Que chacun de nous soit de gauche ou de droite, catho ou pas, néo conservateur ou néo marxiste, les évènements s’enchaînent depuis la fin du communisme russe. Et à chaque évènement qui se produit nos schémas de pensées traditionnels sont bousculés. Je suppose que d’ici la fin de l’été nous y verrons plus clair. Peut-être même avant? La construction européenne change de nature. Est-ce que nous vivons la fin du « couple » franco allemand? Est-ce que l’on va avec la Grèce vers un divorce par » consentement mutuel du plus fort »? Est-ce que l’Europe de demain sera une Europe autour de l’Allemagne réunifiée? Et la situation internationale quel poids elle aura sur l’Europe de demain?

Posté par Mi♭ le Samedi 4 juillet 2015 Á 9:35

Le poids ou le regard de l’Amérique : celle du Sud, celle de la théologie de la Libération où le peuple entier et non seulement les « élites », sont « élus » au sens biblique. Intéressant de voir l’Eglise « grecque » opter pour l’Europe, celle qui va sur ses 70 ans mais qui est bien loin toutefois des projets des 4 fondateurs :

Jean Monnet (1888-1979) : l’initiateur de l’organisation économique de la CECA.

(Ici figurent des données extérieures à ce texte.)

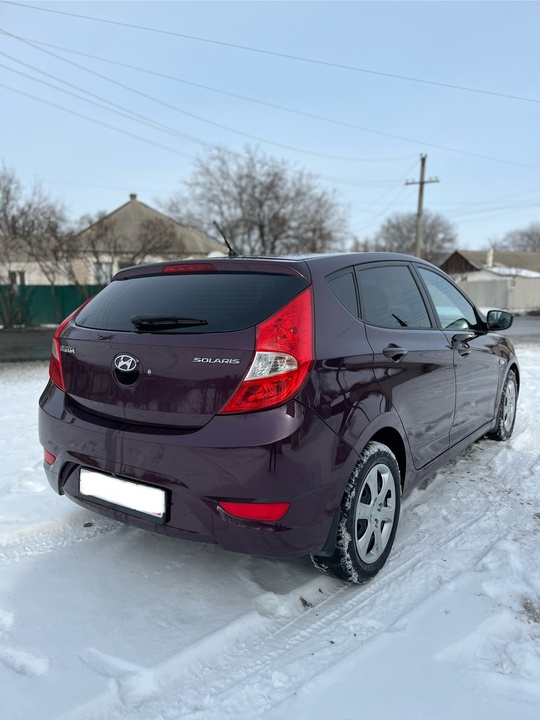 Продам Hyundai Solaris 2012 года (3)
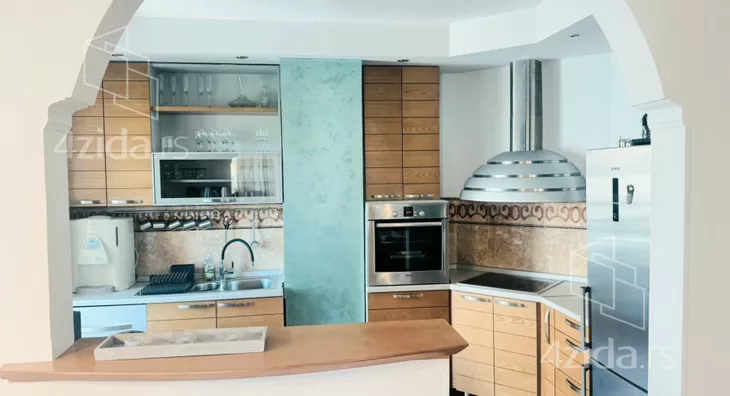 Četvoroiposoban stan | 4zida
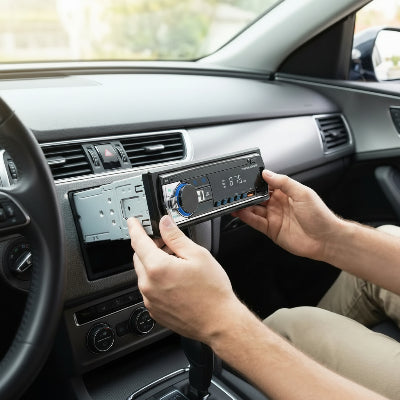 Homme installe Autoradio Lecteur stéréo Bluetooth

Robert Schuman (1886-1963) : le penseur de l’Europe communautaire source de paix.

Konrad Adenauer (1876-1967) : l’Europe, la bouée nécessaire pour l’Allemagne.

Alcide De Gasperi (1881-1954) : pour qui le renouveau de l’Italie passait par l’Europe.

En ce temps là on n’avait pas peur d’avoir une âme et de tout faire pour rendre impossible la guerre. On s’est assoupi, hélas, sur les « succès » économiques et on a oublié les idéaux et donc l’aspect politique. Le replis nationaliste et les intérêts égoïstes des lobbys, gangrènent hélas cette belle et bonne intuition / institution, l’argent est détourné, gaspillé souvent, notamment dans le Sud…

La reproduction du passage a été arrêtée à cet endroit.